Diario de una confinada

El día del paseo caleidoscópico

Raquel Martos

Durante un tiempo volvía caminando de la radio a casa. Una hora y media a buen paso, de lunes a jueves, un hábito ideal para darle alegría a las piernas y poner en orden los pensamientos. Lo de respirar en pleno centro urbano ya tal…

De aquellos paseos guardo un sinfín de fotos, no podía resistirme a la belleza de la luz de la tarde en Madrid. En función de la estación del año, la hora solar o la oficial, la ciudad se iba vistiendo de diferentes colores y, aunque era la misma, lucía diferente, como Marilyn en el retrato icónico de Warhol.
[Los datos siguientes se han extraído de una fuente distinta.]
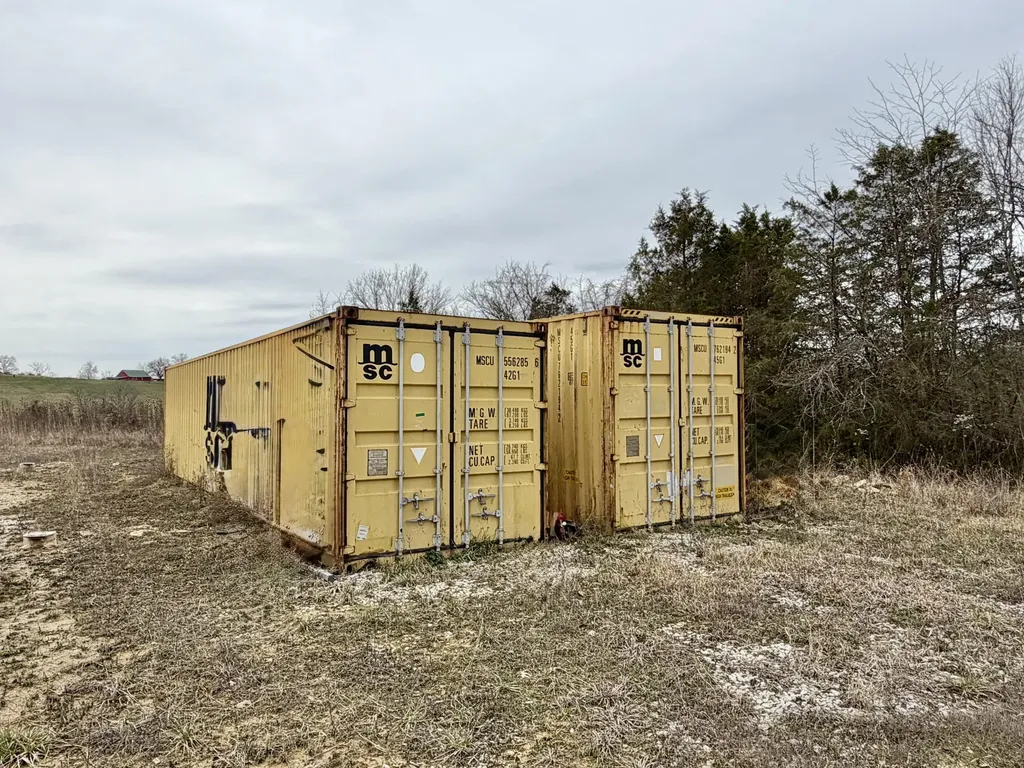 914 Sylvandell Road Cynthiana KY 41031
Algunas veces variaba el trayecto, por miedo a caer en la rutina. Aunque era un temor irracional, difícil aburrirse en un decorado en el que nunca coincidía con las mismas personas y si lo hacía, no era consciente…

Ahora, al hacer memoria voluntaria o involuntariamente, van pasando por mi mente, como diapositivas, escenas de aquellas caminatas que se quedaron grabadas: una chica muy alta que lloraba a mares y arrastraba una maleta camino de la estación de Atocha; un niño que pedaleaba en una bici nueva cerca de los libros viejos de la Cuesta de Moyano; tres policías rodeando con misterio una posible entrada al subsuelo de Madrid; junto a la verja del jardín Botánico, dos jóvenes pegándose un morreo que ahora podría tener sanción sanitaria… y muy cerca del Museo del Prado, el señor invisible hablando con un amigo suyo.

Aquellos paseos, fascinantes en sí mismos, estaban amplificados por una fascitis plantar que me había impedido caminar más de lo esencial durante unos meses. Concluido mi confinamiento de pies y con toda la ciudad por delante, pocos placeres podían superar una experiencia tan sencilla y cotidiana, pero tan colorida como un caleidoscopio.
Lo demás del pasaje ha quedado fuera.